The Ballet Conservatory is an after school program that welcomes any student within the DFW metroplex to come and learn the art of dance. Within this program, Cheng and Bracken teach students of all levels, whether they are just beginning to learn the basic steps of ballet or are aspiring to become a professional ballerina. 

Even on their most draining days, there is one thing that Cheng and Bracken seem to always have an infinite supply of: patience.

“For only two people, they run an entire sports department that spans across nine grades of students,” Gabby Pettit ‘21 said. “Yet, they’re both still here every day and teaching us with as much patience as possible.”

Working with a sixth grader, then turning around and working with a fourth grader, then turning around again and working with an eleventh grader: where does one get the energy to do it? For Cheng and Bracken, the answer to that question is simple: passion.

“With such a heavy teaching load, I sometimes question myself, asking, ‘How did I do that? How did I teach so many classes?’ But teaching ballet is just something I love so much that to me, it never feels like it’s really work,” Cheng said.

Carrie Cheng guides students as they rehearse for the recital. Photo courtesy of Lily Hyde ’24.

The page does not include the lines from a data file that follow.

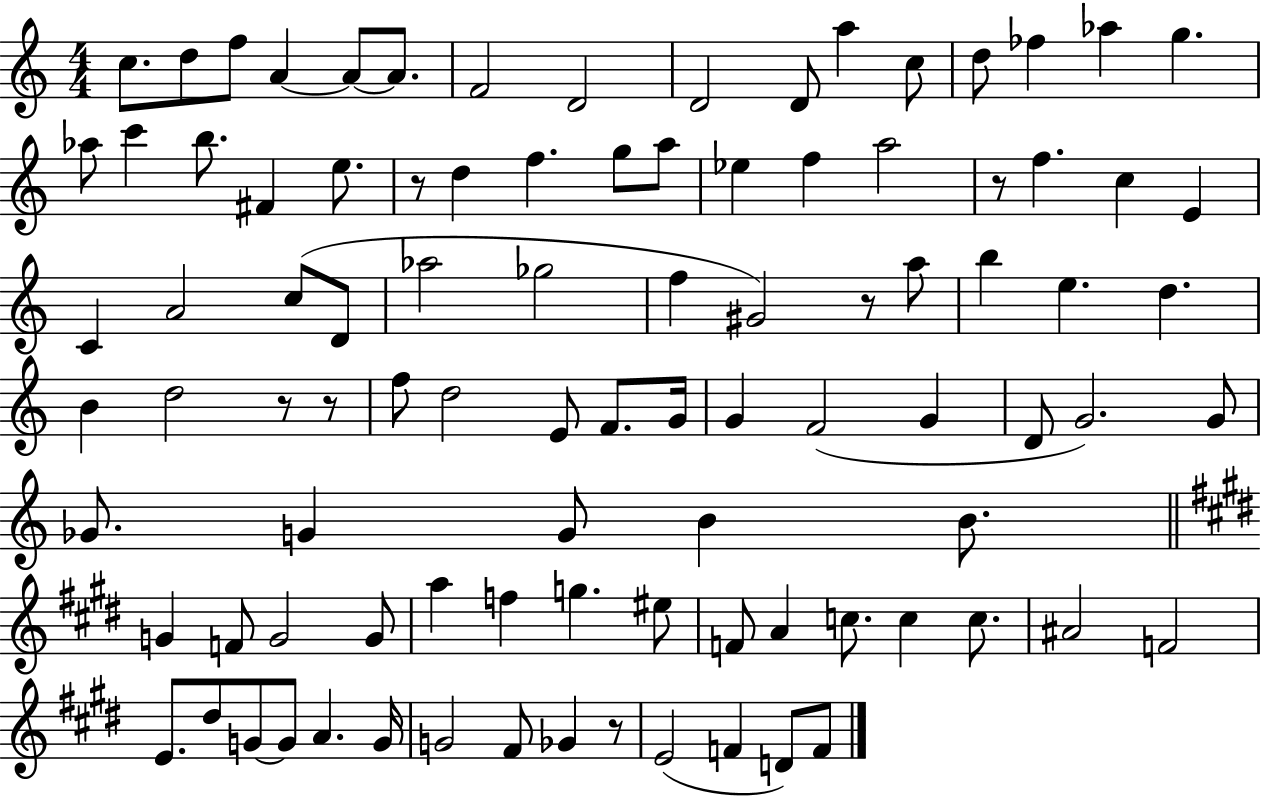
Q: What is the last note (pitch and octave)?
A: F4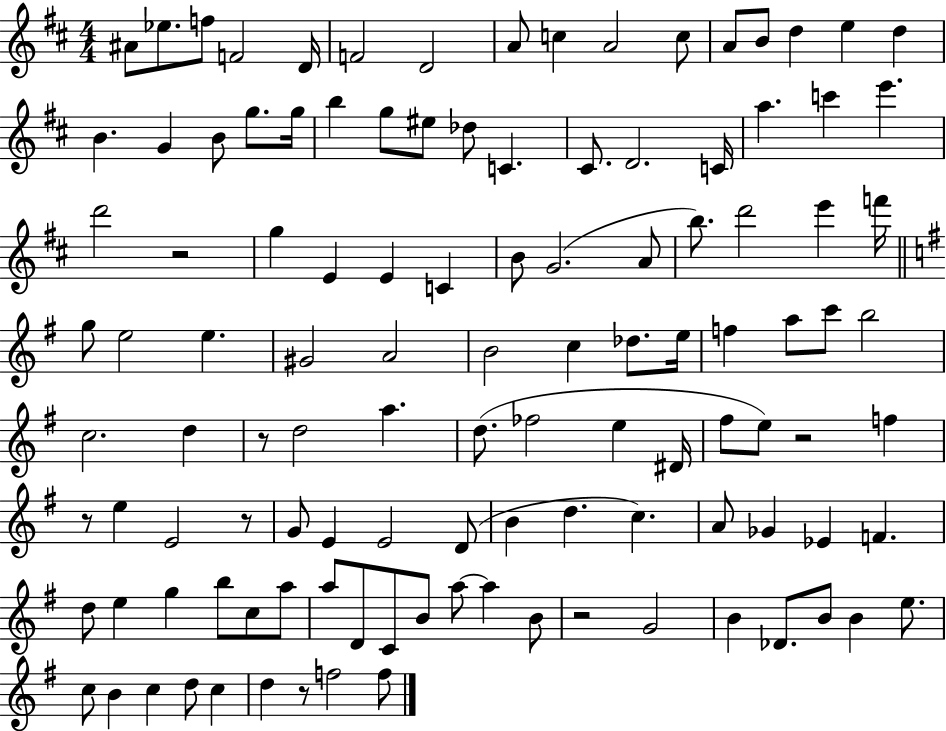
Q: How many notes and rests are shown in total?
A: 115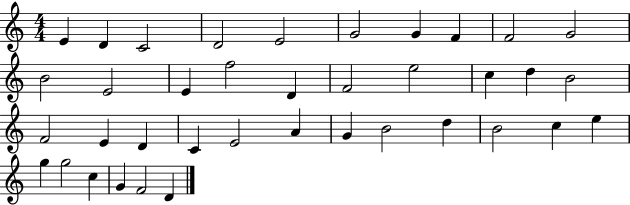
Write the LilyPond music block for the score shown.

{
  \clef treble
  \numericTimeSignature
  \time 4/4
  \key c \major
  e'4 d'4 c'2 | d'2 e'2 | g'2 g'4 f'4 | f'2 g'2 | \break b'2 e'2 | e'4 f''2 d'4 | f'2 e''2 | c''4 d''4 b'2 | \break f'2 e'4 d'4 | c'4 e'2 a'4 | g'4 b'2 d''4 | b'2 c''4 e''4 | \break g''4 g''2 c''4 | g'4 f'2 d'4 | \bar "|."
}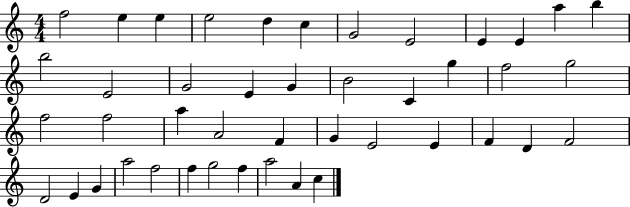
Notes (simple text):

F5/h E5/q E5/q E5/h D5/q C5/q G4/h E4/h E4/q E4/q A5/q B5/q B5/h E4/h G4/h E4/q G4/q B4/h C4/q G5/q F5/h G5/h F5/h F5/h A5/q A4/h F4/q G4/q E4/h E4/q F4/q D4/q F4/h D4/h E4/q G4/q A5/h F5/h F5/q G5/h F5/q A5/h A4/q C5/q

Twice a year, costumes with breathtaking hues, headpieces that wink under the stage lights, and a cornucopia of bobby pins come into full bloom. In the studio and backstage, the feeling of excitement and nervousness is ubiquitous, as the time that each dancer has long anticipated has finally arrived: the recital week.

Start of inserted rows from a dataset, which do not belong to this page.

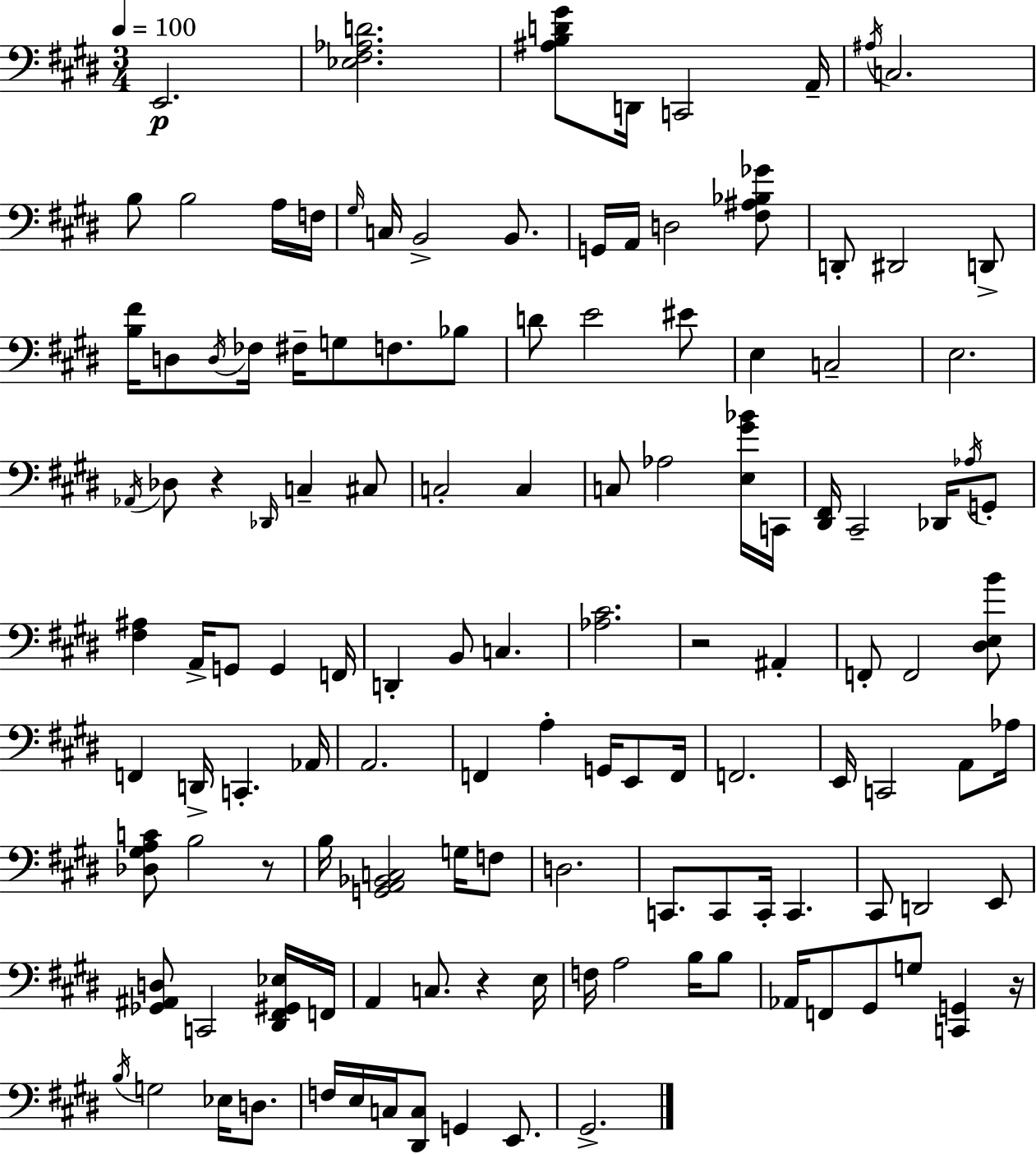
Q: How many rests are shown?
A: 5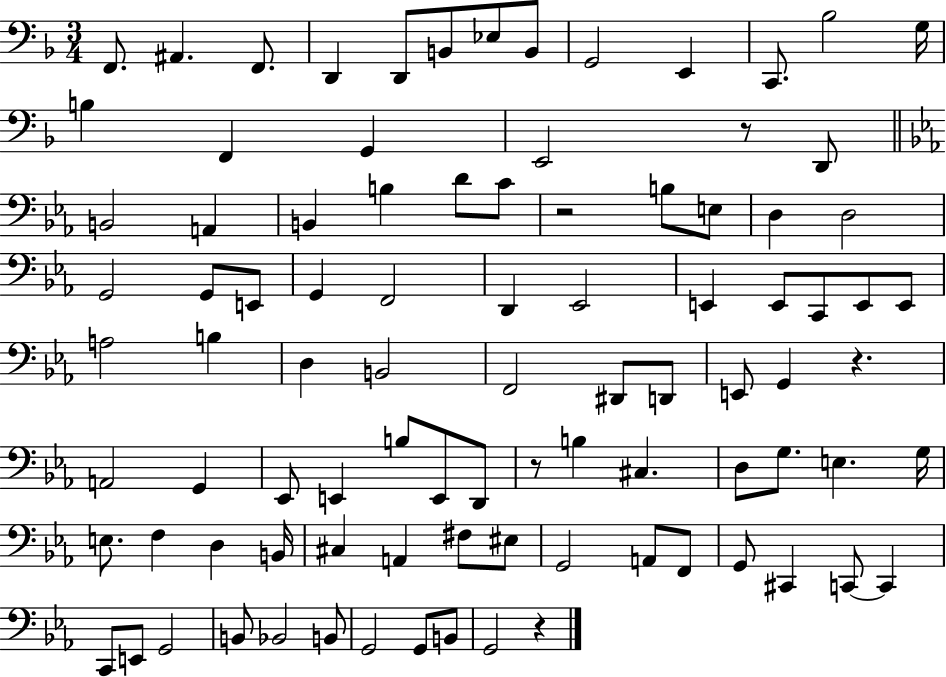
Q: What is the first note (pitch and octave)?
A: F2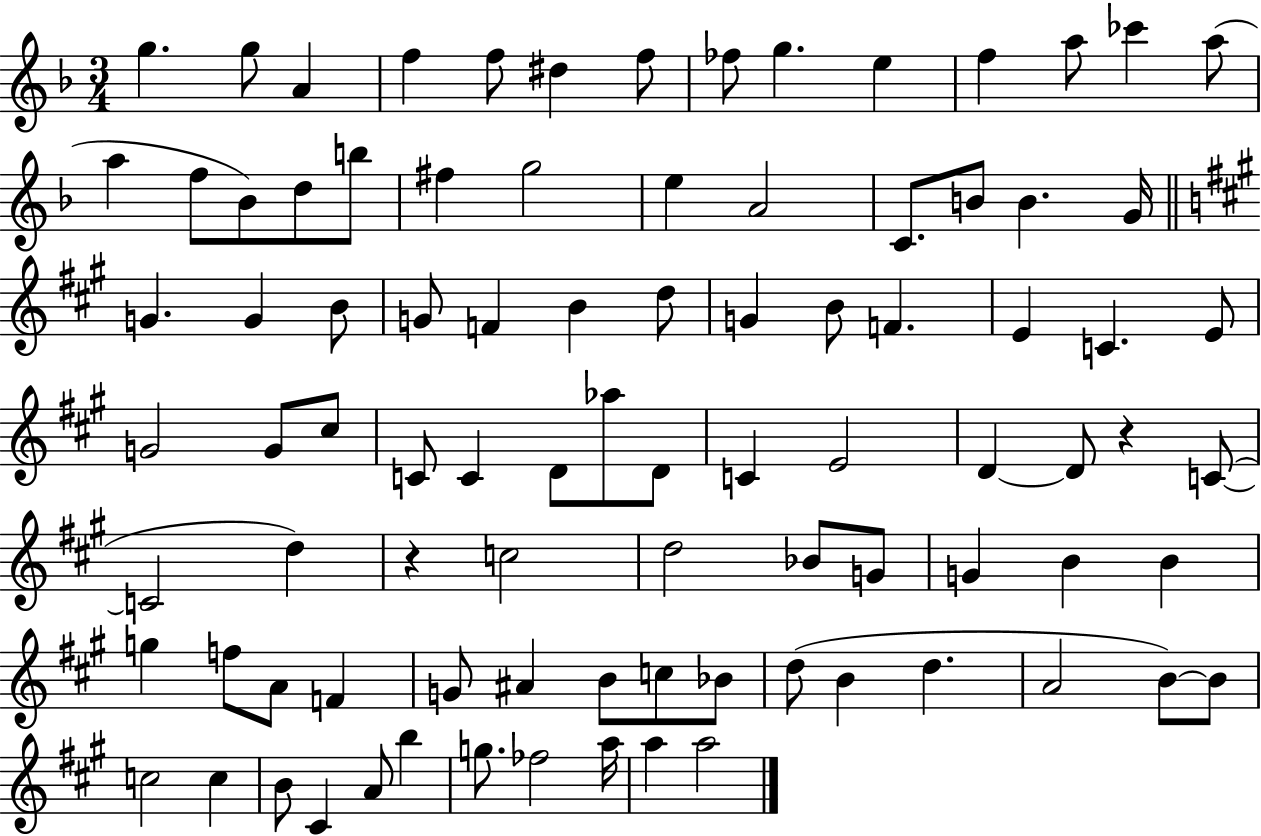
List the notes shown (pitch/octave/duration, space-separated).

G5/q. G5/e A4/q F5/q F5/e D#5/q F5/e FES5/e G5/q. E5/q F5/q A5/e CES6/q A5/e A5/q F5/e Bb4/e D5/e B5/e F#5/q G5/h E5/q A4/h C4/e. B4/e B4/q. G4/s G4/q. G4/q B4/e G4/e F4/q B4/q D5/e G4/q B4/e F4/q. E4/q C4/q. E4/e G4/h G4/e C#5/e C4/e C4/q D4/e Ab5/e D4/e C4/q E4/h D4/q D4/e R/q C4/e C4/h D5/q R/q C5/h D5/h Bb4/e G4/e G4/q B4/q B4/q G5/q F5/e A4/e F4/q G4/e A#4/q B4/e C5/e Bb4/e D5/e B4/q D5/q. A4/h B4/e B4/e C5/h C5/q B4/e C#4/q A4/e B5/q G5/e. FES5/h A5/s A5/q A5/h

Throughout this week, Cheng and Bracken direct countless rehearsals, making sure that each student is prepared for the performance. What many do not know about this week, however, is the incredible amount of time that Cheng and Bracken put into preparing the stage and costumes for the recital.

“A week before the recital, we begin preparing the theater, putting marley (surface for dancing) down on the stage and making sure it is not too slippery,” Bracken said. “We have to create and send out a rehearsal schedule for every grade level, steam every costume, find all of the headpieces, and spend multiple hours organizing, which is daunting. After the recital, there is an incredible amount of laundry we have to do, an incredible amount of putting away props, and an incredible amount of organizing the costume closet.”

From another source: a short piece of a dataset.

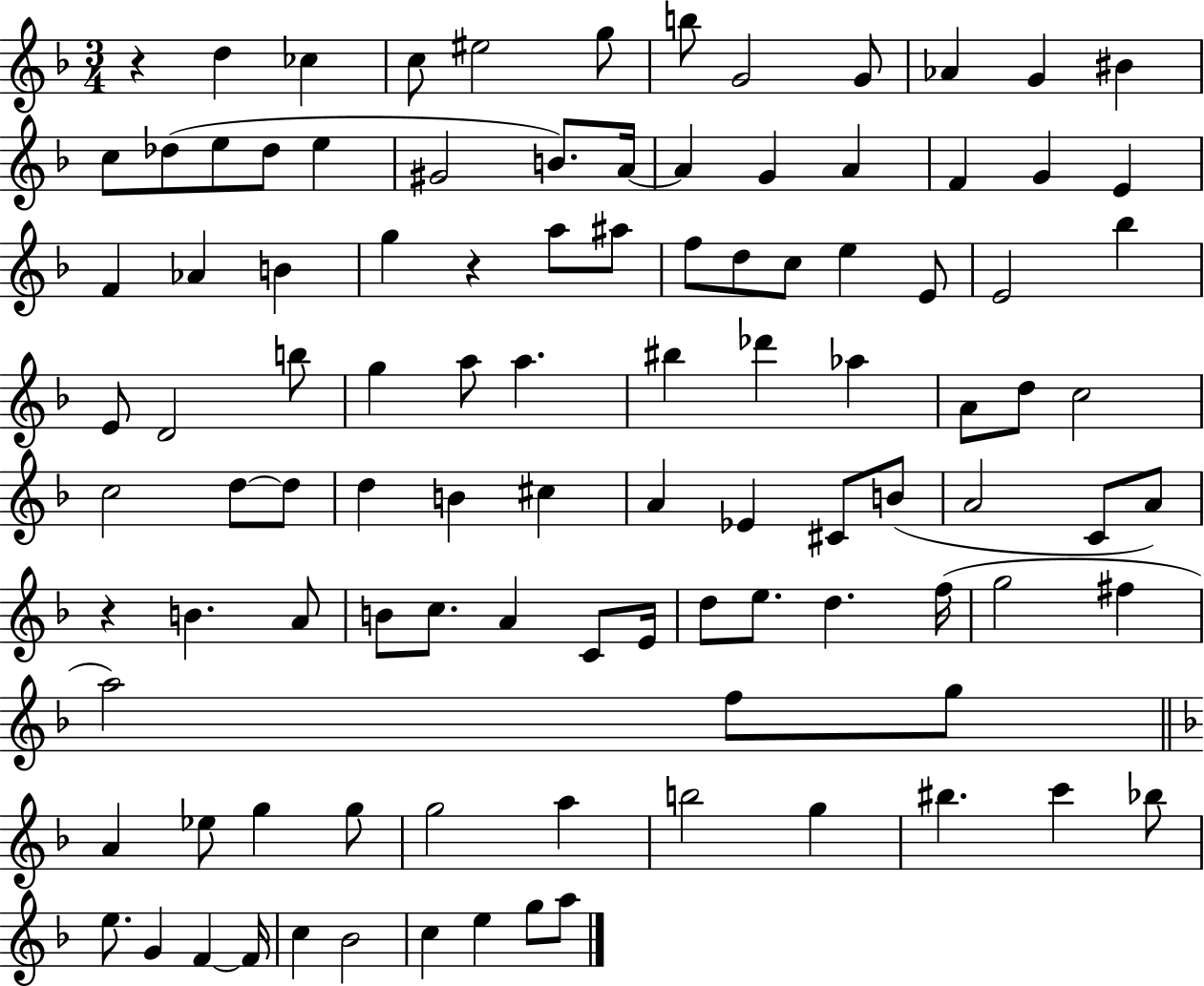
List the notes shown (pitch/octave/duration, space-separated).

R/q D5/q CES5/q C5/e EIS5/h G5/e B5/e G4/h G4/e Ab4/q G4/q BIS4/q C5/e Db5/e E5/e Db5/e E5/q G#4/h B4/e. A4/s A4/q G4/q A4/q F4/q G4/q E4/q F4/q Ab4/q B4/q G5/q R/q A5/e A#5/e F5/e D5/e C5/e E5/q E4/e E4/h Bb5/q E4/e D4/h B5/e G5/q A5/e A5/q. BIS5/q Db6/q Ab5/q A4/e D5/e C5/h C5/h D5/e D5/e D5/q B4/q C#5/q A4/q Eb4/q C#4/e B4/e A4/h C4/e A4/e R/q B4/q. A4/e B4/e C5/e. A4/q C4/e E4/s D5/e E5/e. D5/q. F5/s G5/h F#5/q A5/h F5/e G5/e A4/q Eb5/e G5/q G5/e G5/h A5/q B5/h G5/q BIS5/q. C6/q Bb5/e E5/e. G4/q F4/q F4/s C5/q Bb4/h C5/q E5/q G5/e A5/e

Though the recital comes and goes, there is one thing that every ballet student, regardless of whether they are just beginning to learn how to do a plié or have been dancing for years, gets to experience on a daily basis: the safe, comforting environment that Cheng and Bracken strive to cultivate within the studio.

“Being a part of FWCD ballet for six years now, I’ve never been in another department that harbors such a consistent and loving community to be a part of. I have Mrs. Cheng and Ms. Bracken to thank for such a safe place to go to at the end of a hard day.”

— Gabby Pettit '21

Now, as you perform your last ever saut de chat across the stage, you begin to feel your eyes crinkle as joy tugs at the corners of your lips, reflecting on all of the ways in which your ballet teachers, Mrs. Cheng and Ms. Bracken, have contributed not only to your love of dance, but to who you are as a human being.